A dataset instance populated with the molecules that have passed through the workflow.

Return type

openff.qcsubmit.factories.T

create_index(molecule)[source]

Create an index for the current molecule.

Parameters

molecule (openff.toolkit.topology.molecule.Molecule) – The molecule for which the dataset index will be generated.

Returns

The molecule name or the canonical isomeric smiles for the molecule if the name is not assigned or is blank.

Return type

str

Important

Each dataset can have a different indexing system depending on the data, in this basic dataset each conformer of a molecule is expanded into its own entry separately indexed entry. This is handled by the dataset however so we just generate a general index for the molecule before adding to the dataset.

add_qc_spec(method, basis, program, spec_name, spec_description, store_wavefunction='none', overwrite=False, implicit_solvent=None, maxiter=200, scf_properties=None, keywords=None)

Add a new qcspecification to the factory which will be applied to the dataset.

Parameters
  • method (str) – The name of the method to use eg B3LYP-D3BJ

  • basis (Optional[str]) – The name of the basis to use can also be None

  • program (str) – The name of the program to execute the computation

  • spec_name (str) – The name the spec should be stored under

  • spec_description (str) – The description of the spec

  • store_wavefunction (str) – what parts of the wavefunction that should be saved

  • overwrite (bool) – If there is a spec under this name already overwrite it

  • implicit_solvent (Optional[openff.qcsubmit.common_structures.PCMSettings]) – The implicit solvent settings if it is to be used.

  • maxiter (pydantic.v1.types.PositiveInt) – The maximum number of SCF iterations that should be done.

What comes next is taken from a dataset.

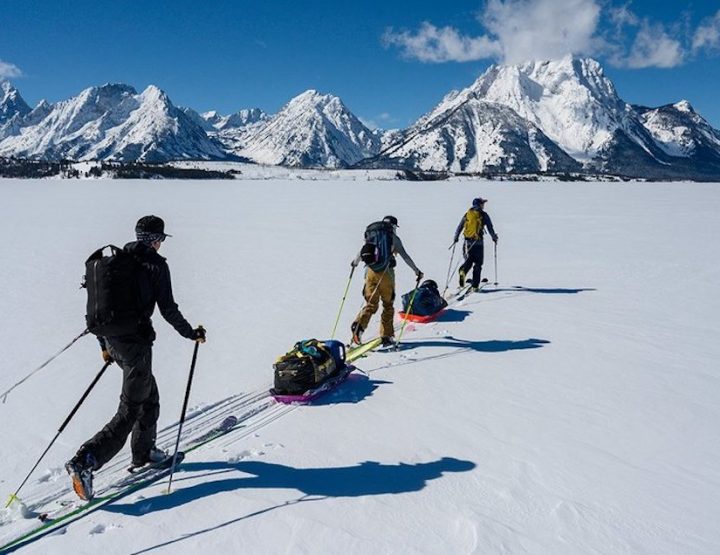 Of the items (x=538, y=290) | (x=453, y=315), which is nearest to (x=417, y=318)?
(x=453, y=315)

  • scf_properties (Optional[List[openff.qcsubmit.common_structures.SCFProperties]]) – The list of SCF properties that should be extracted from the calculation.

  • keywords (Optional[Dict[str, Union[pydantic.v1.types.StrictStr, pydantic.v1.types.StrictInt, pydantic.v1.types.StrictFloat, pydantic.v1.types.StrictBool, List[pydantic.v1.types.StrictFloat]]]]) – Program specific computational keywords that should be passed to the program

Return type

None

clear_qcspecs()

Clear out any current QCSpecs.

Return type

None

dict(*args, **kwargs)

Overwrite the dict method to handle any enums when saving to yaml/json via a dict call.

property n_qc_specs: int

Return the number of QCSpecs on this dataset.

remove_qcspec(spec_name)

Remove a QCSpec from the dataset.

Parameters

spec_name (str) – The name of the spec that should be removed.

Return type

None

Note

The QCSpec settings are not mutable and so they must be removed and a new one added to ensure they are fully validated.